[Opening Task material section]

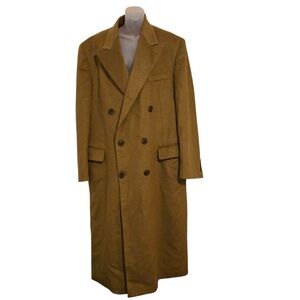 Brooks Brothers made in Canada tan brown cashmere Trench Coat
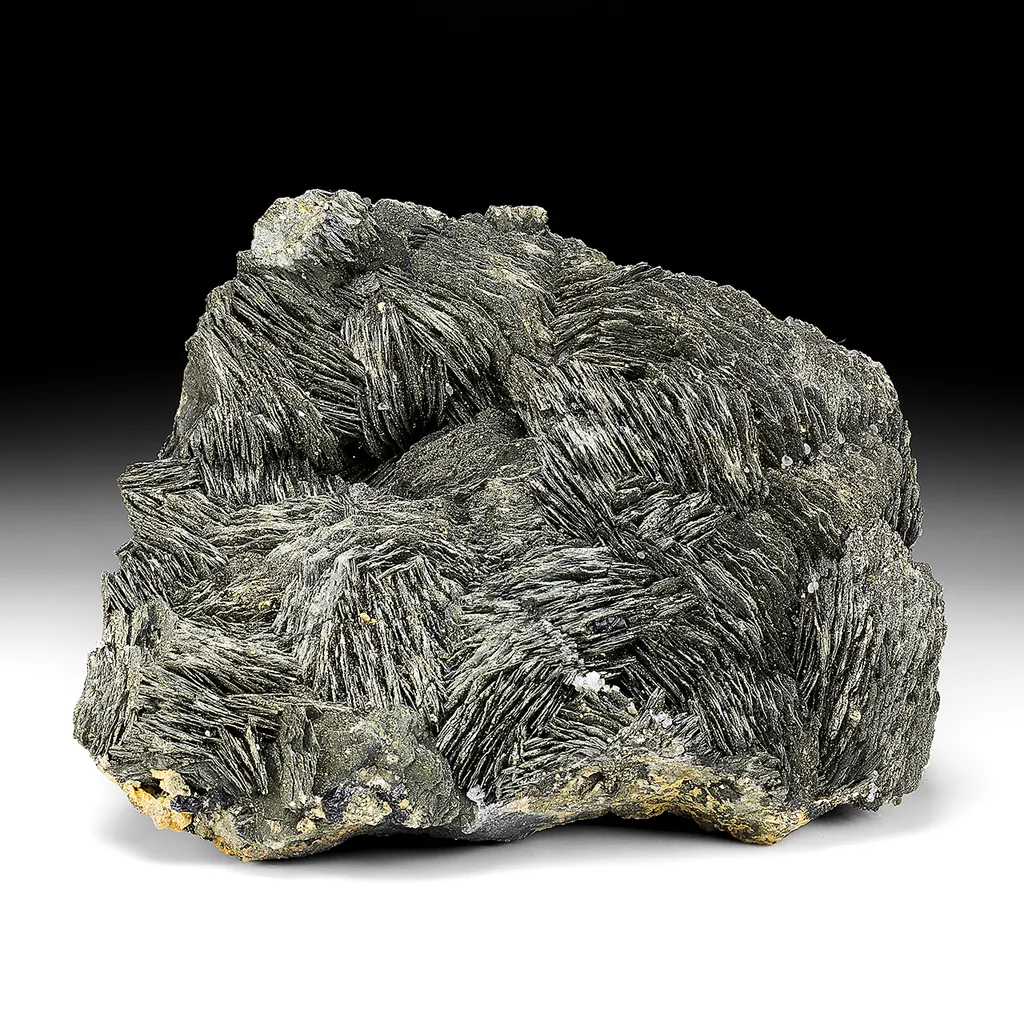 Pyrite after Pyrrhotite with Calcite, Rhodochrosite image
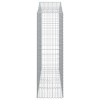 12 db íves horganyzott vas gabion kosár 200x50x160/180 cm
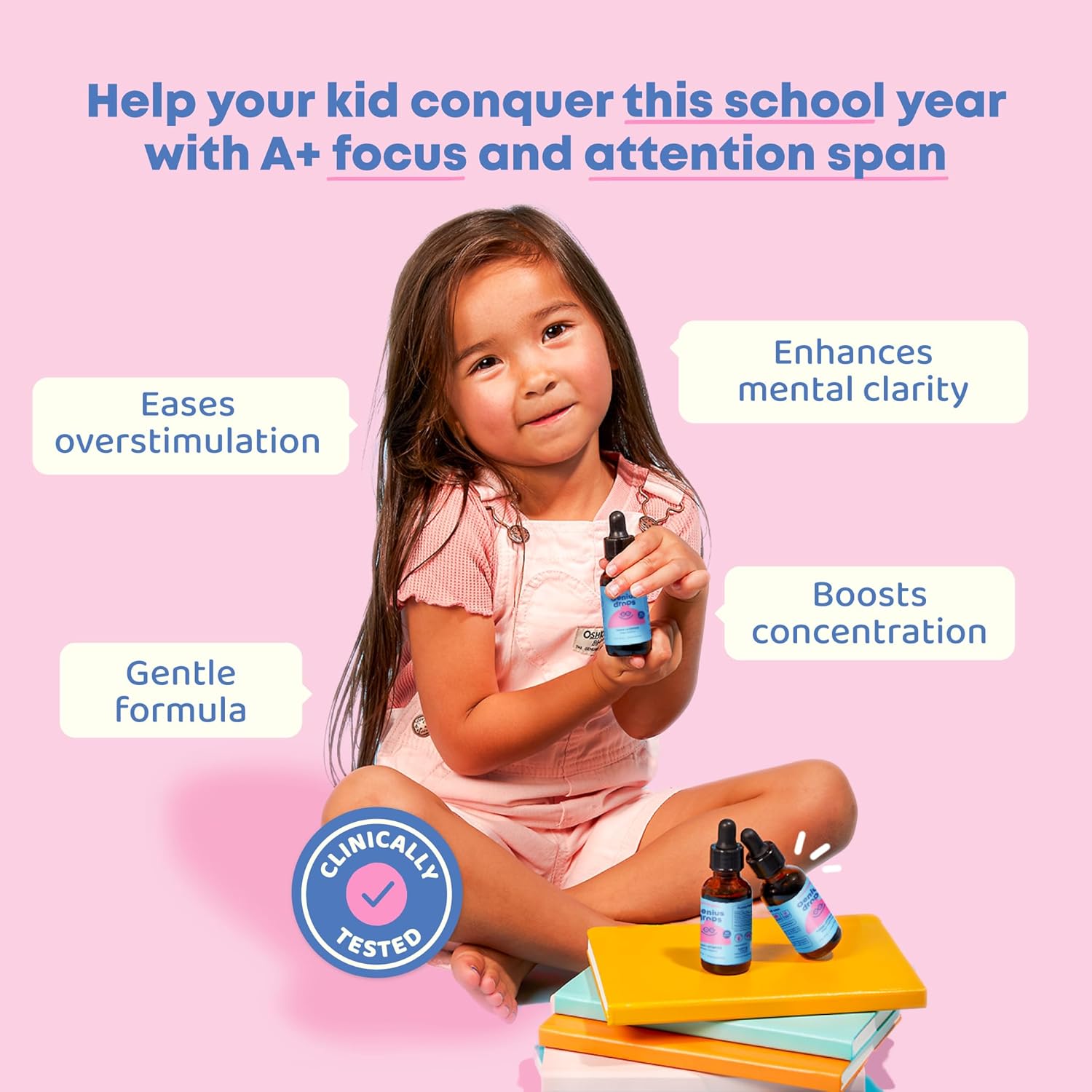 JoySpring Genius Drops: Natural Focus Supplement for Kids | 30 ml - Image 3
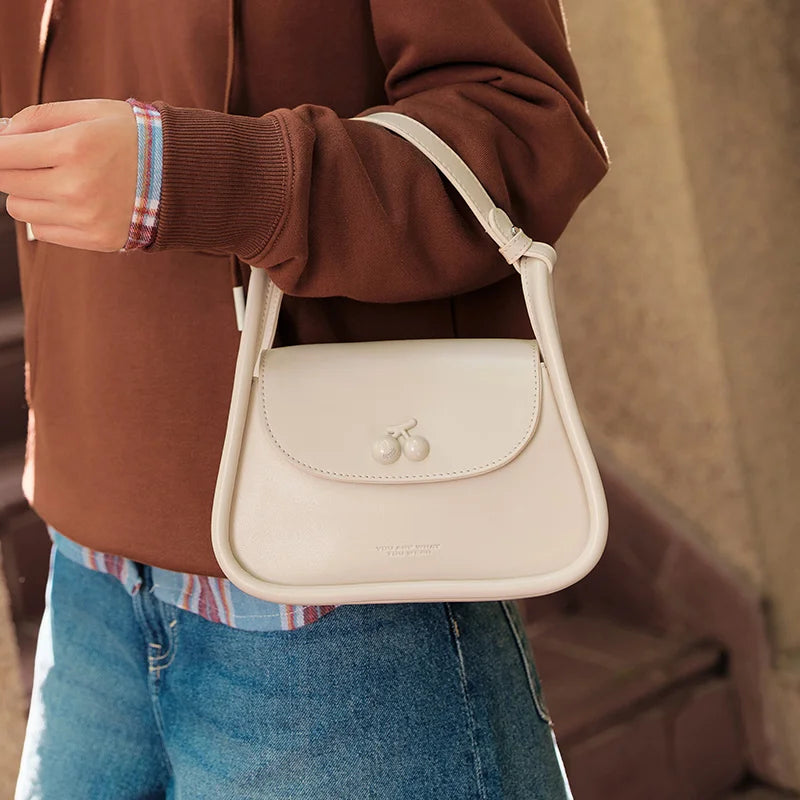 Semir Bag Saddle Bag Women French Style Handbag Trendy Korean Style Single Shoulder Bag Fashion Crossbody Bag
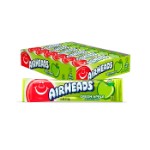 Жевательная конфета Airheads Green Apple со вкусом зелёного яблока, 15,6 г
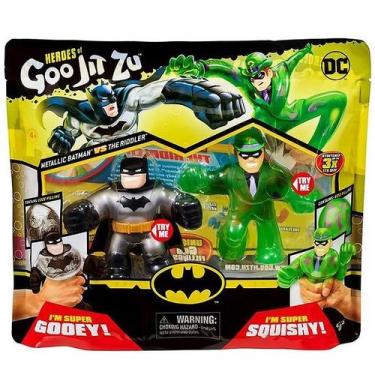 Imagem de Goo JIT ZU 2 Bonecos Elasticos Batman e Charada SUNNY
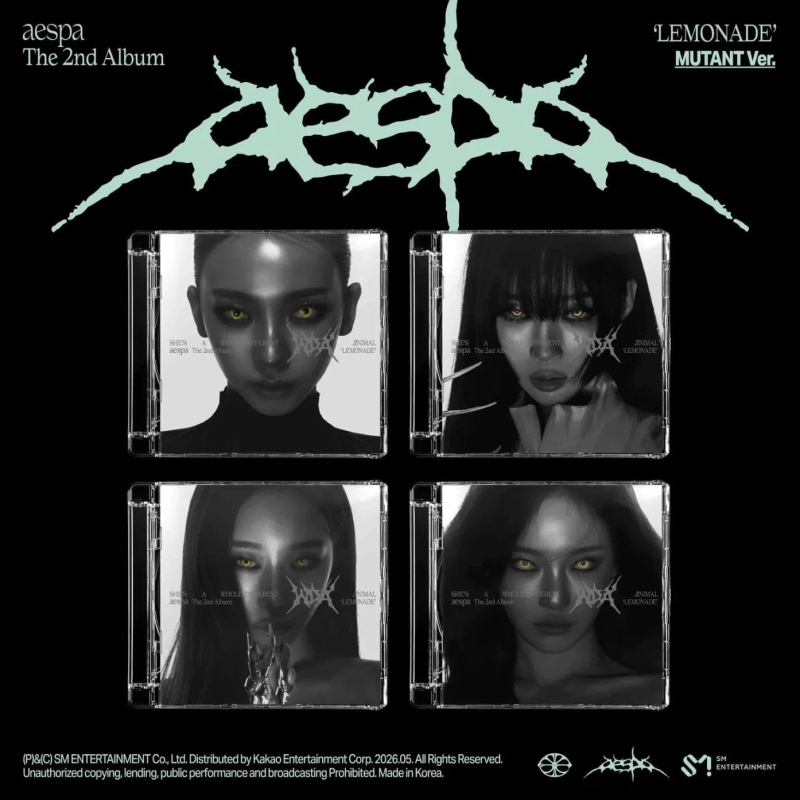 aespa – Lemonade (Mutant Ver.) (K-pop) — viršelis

[Closing Task material section]

• [About this exercise]
Output each record above exactly as written. Skip any pictures.

• [Output for this exercise]
 Brooks Brothers made in Canada tan brown cashmere Trench Coat
 Pyrite after Pyrrhotite with Calcite, Rhodochrosite image
 12 db íves horganyzott vas gabion kosár 200x50x160/180 cm
 JoySpring Genius Drops: Natural Focus Supplement for Kids | 30 ml - Image 3
 Semir Bag Saddle Bag Women French Style Handbag Trendy Korean Style Single Shoulder Bag Fashion Crossbody Bag
 Жевательная конфета Airheads Green Apple со вкусом зелёного яблока, 15,6 г
 Imagem de Goo JIT ZU 2 Bonecos Elasticos Batman e Charada SUNNY
 aespa – Lemonade (Mutant Ver.) (K-pop) — viršelis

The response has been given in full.